OK so I received the Momofuku cookbook for Christmas and have been carting it around my apartment under my arm like a toddler with his/her favorite stuffed animal. I love it. I love the pictures, the story of how he came to be noodle-obsessed, the explanations of how Chang's restaurants came to be and of course the recipes. The one gripe I have is that Chang seems to try and dissuade the home cook from trying to make the recipes that may be time consuming or difficult.

Any other opinions/comments on the book are more than welcome.
post #2 of 8
Wow! That is a great gift.

I saw the book in Barnes and Nobel. It is gorgeous. It is probably way over my head at this point....someday
post #3 of 8
Thread Starter 
It's actually quite a "simple" cookbook. Lots of pickling and fermenting, roasting, braising and steaming (of buns). It is a very approachable book.
post #4 of 8
Really? Then I will give it another look next time I am in the store.

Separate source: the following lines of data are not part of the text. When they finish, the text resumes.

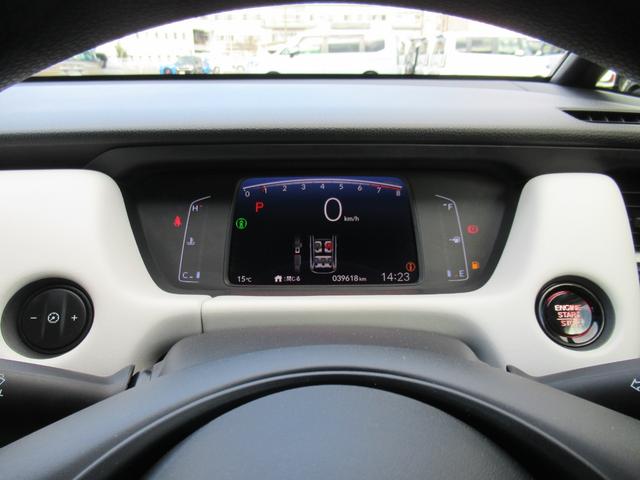 フィット ホーム　ギャザズナビ　Ｂｌｕｅｔｏｏｔｈ　ＣＤ・ＤＶＤ再生　フルセグＴＶ　バックカメラ　前後ドラレコ　ＬＥＤヘッドライト　アルミ　２トーンカラー　純正アルミホイール　禁煙車　スマートキー（17枚目）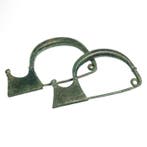 Etruscan Brons Twee fibulae-spelden, Antiek en Kunst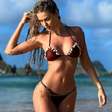 Trends de moda praia vão de metalizado a body chain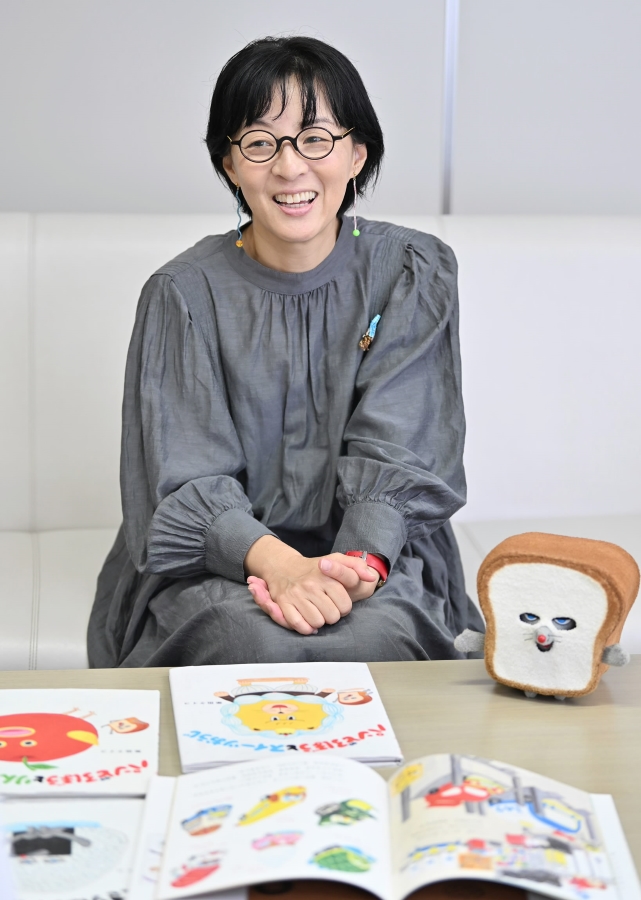 「読者の皆さんが新しい作品を待ち望んでくださっているのがうれしいです」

It is quite an impressive gift. Enjoy it and please let me know how the recipes turn out
post #5 of 8

I bought the e-version for the CoolReader on my phone. Not only are the pictures gorgeous, but Chang gives a genuine narrative in the book. It's like he is just sitting with you at a Noodle Bar in New York, just BS-ing with you. He drops the f-bomb every once in awhile; makes you think you're talking to a real Chef, and not just the writer of a cookbook. We studied him pretty extensively in Art Culinaire(one of my classes at Culinary School) and he's still one of my favorite Chefs ever. There are a few mistakes in the recipes in the book, but generally it's an AMAZING read. I think it's an essential to have it on your coffee table. Gorgeous pictures, too.

post #6 of 8

This book is the cooking equivalent to Gravity's Rainbow.  Everybody has a copy, but not many actually read or use it.  We have the hard-back which Linda bought over my dead body.


Many of the recipes were not properly tested or proof-read, which makes them difficult to follow unless you already have a good handle on how to cook.  Lots of typos. 

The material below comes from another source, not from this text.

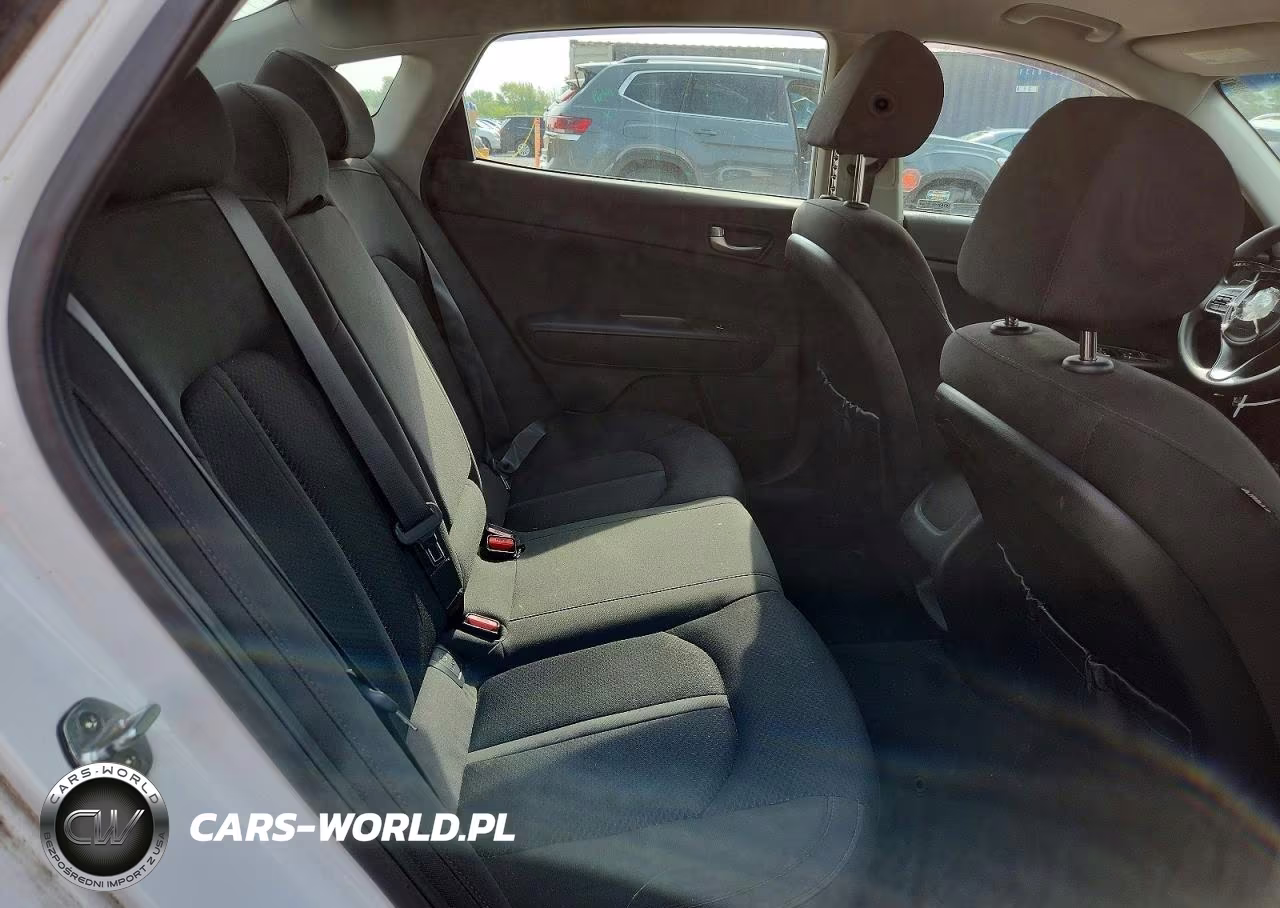 2018 Kia Optima Lx VIN:5XXGT4L37JG191421 - 10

The lack of editing extends to the general subject matter.  There are lots of recipes no one in their right mind would want to follow. 


The "culinary point of view" is interesting, attractive, but not mine.  He's less "ingredient driven," and more about creating new tastes.  He's fairly technical, so even the good recipes will stretch most home cooks to the end of their comfort zone.  Not a bad thing in itself.  The caveat is that you don't want to choose something on the basis of the picture and cook it for the first time for a dinner party.


Would I recommend it?  To an already good cook... yes. 

post #7 of 8

I don't have the book. I did however, make this recipe (a number of times). It's simply a pita, but over-the-top decadent and should not be made/eaten by diabetics, people with heart or blood pressure difficulties or anyone on any kinda diet. 


Momofuku Crack Pie



Momofuku Milk Bar Crack Pie Recipe | Cooking Momofuku at home ...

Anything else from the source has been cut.